*** Opening Recorded data ***
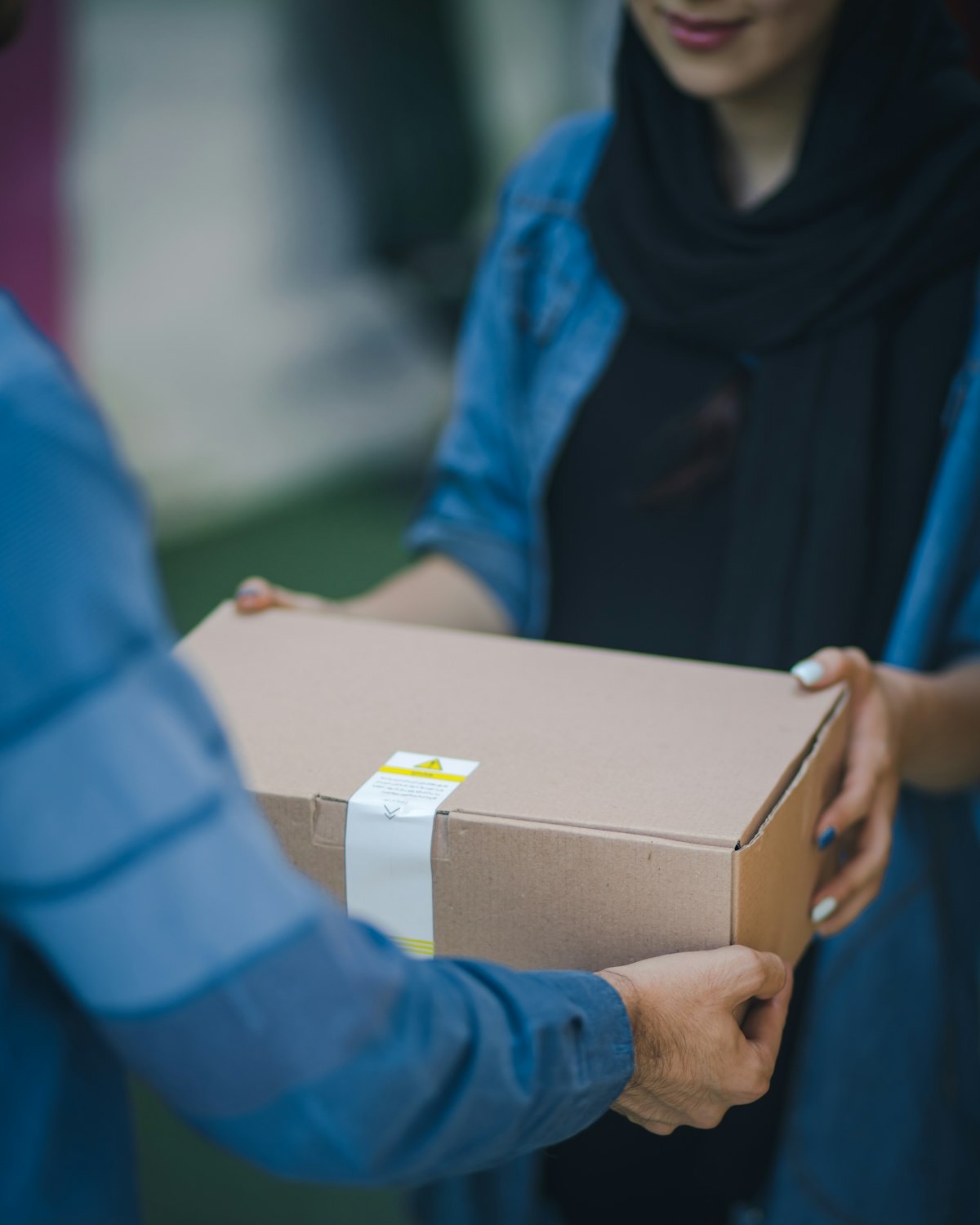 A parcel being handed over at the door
*** Closing Recorded data ***
*** Opening Recorded data ***
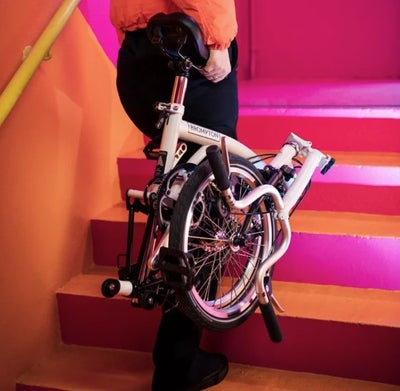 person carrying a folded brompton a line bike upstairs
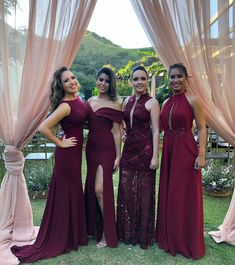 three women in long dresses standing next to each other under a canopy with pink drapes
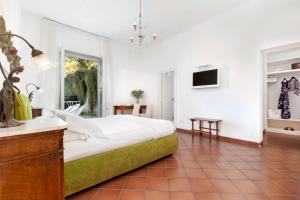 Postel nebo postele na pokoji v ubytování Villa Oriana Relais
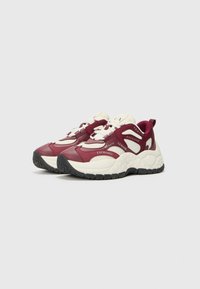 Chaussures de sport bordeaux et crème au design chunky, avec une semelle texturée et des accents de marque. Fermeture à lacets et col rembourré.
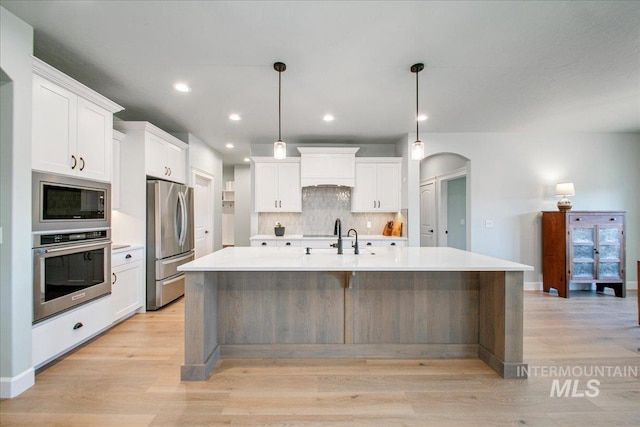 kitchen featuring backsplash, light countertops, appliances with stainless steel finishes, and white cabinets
*** Closing Recorded data ***
*** Opening Recorded data ***
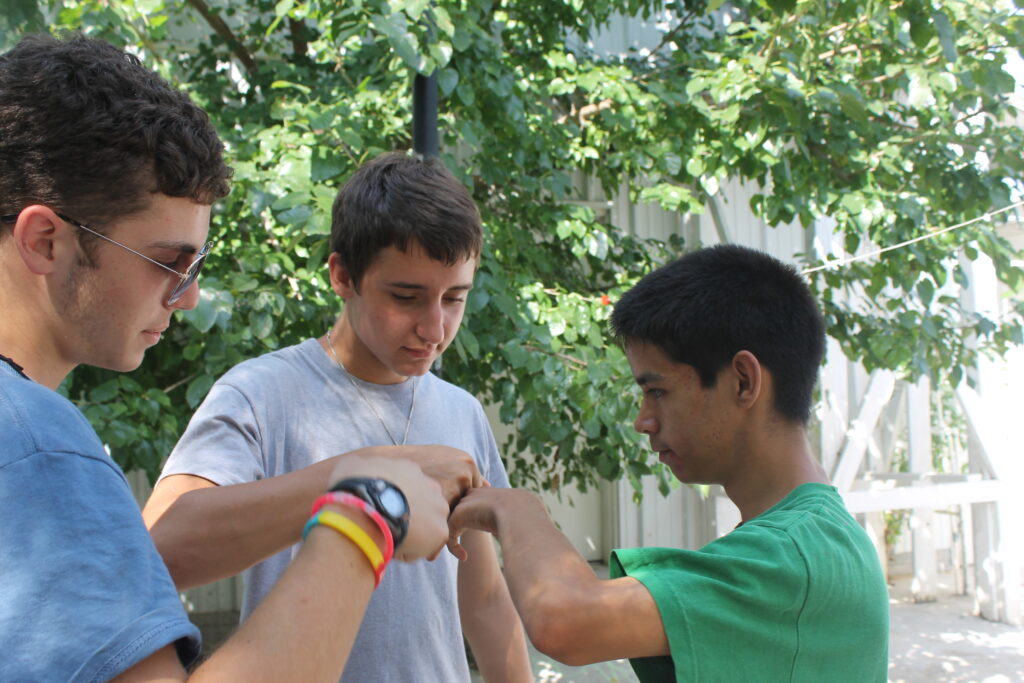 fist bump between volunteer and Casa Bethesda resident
*** Closing Recorded data ***
* _Task to carry out_: Out of the records above, please copy exactly the lines from the line with "Chaussures de sport" up to and including the line with "kitchen featuring backsplash, light", minus the pictures.

* _Solution below_:
 Chaussures de sport bordeaux et crème au design chunky, avec une semelle texturée et des accents de marque. Fermeture à lacets et col rembourré.
 kitchen featuring backsplash, light countertops, appliances with stainless steel finishes, and white cabinets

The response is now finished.